[Task requirements]: Starting at the line that contains "Ein moderner Essbereich", return every line through the end of the data exactly, without pictures.

[Recorded data]:
=== Begin Enclosure ===
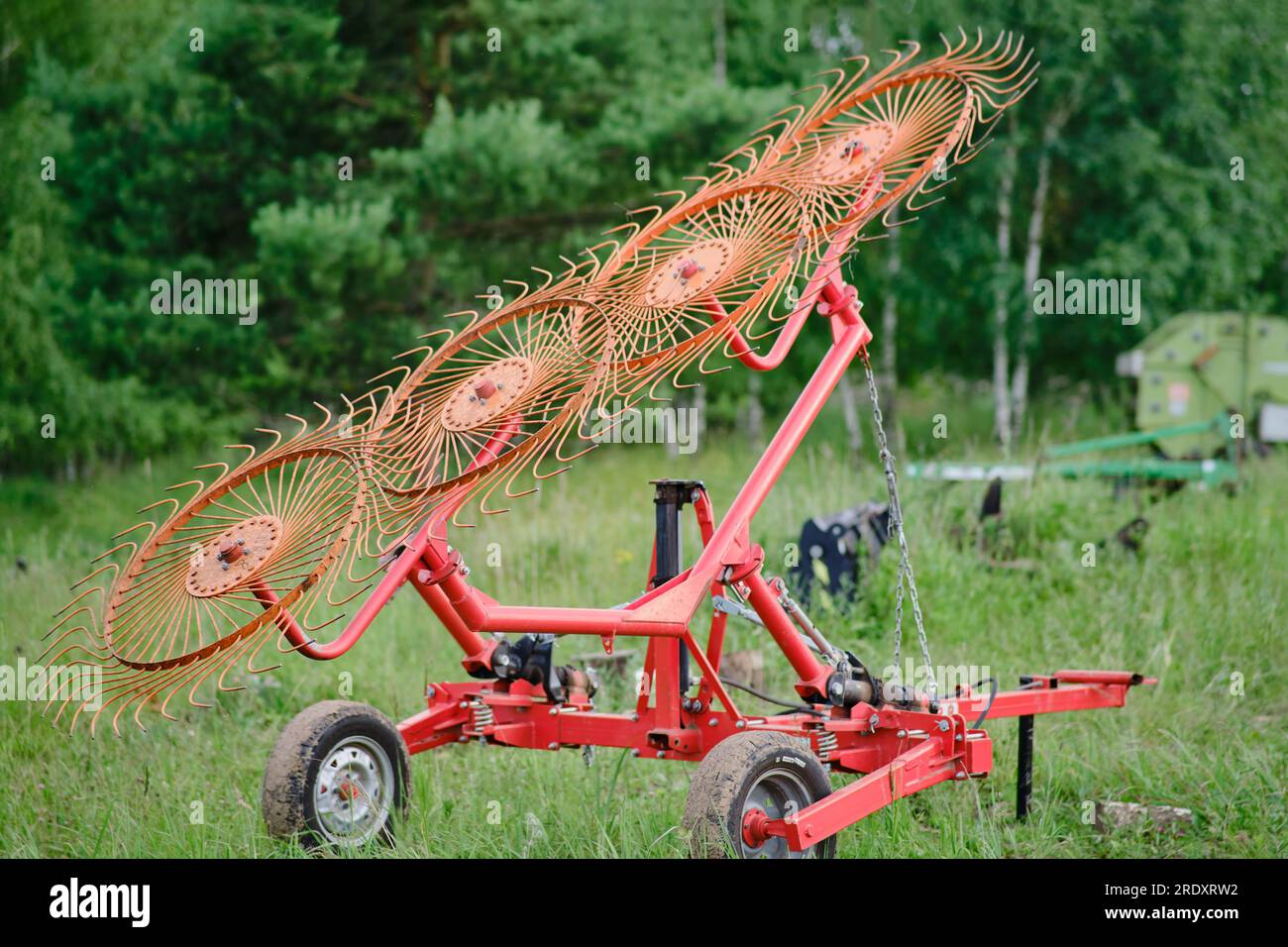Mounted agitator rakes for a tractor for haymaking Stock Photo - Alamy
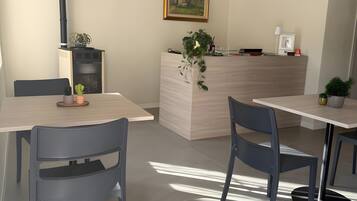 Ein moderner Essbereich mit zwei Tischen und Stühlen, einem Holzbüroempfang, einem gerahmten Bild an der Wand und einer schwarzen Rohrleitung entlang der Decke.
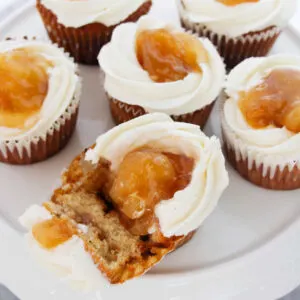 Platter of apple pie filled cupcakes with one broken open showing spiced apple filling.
=== End Enclosure ===
[Output of the exercise]:
 Ein moderner Essbereich mit zwei Tischen und Stühlen, einem Holzbüroempfang, einem gerahmten Bild an der Wand und einer schwarzen Rohrleitung entlang der Decke.
 Platter of apple pie filled cupcakes with one broken open showing spiced apple filling.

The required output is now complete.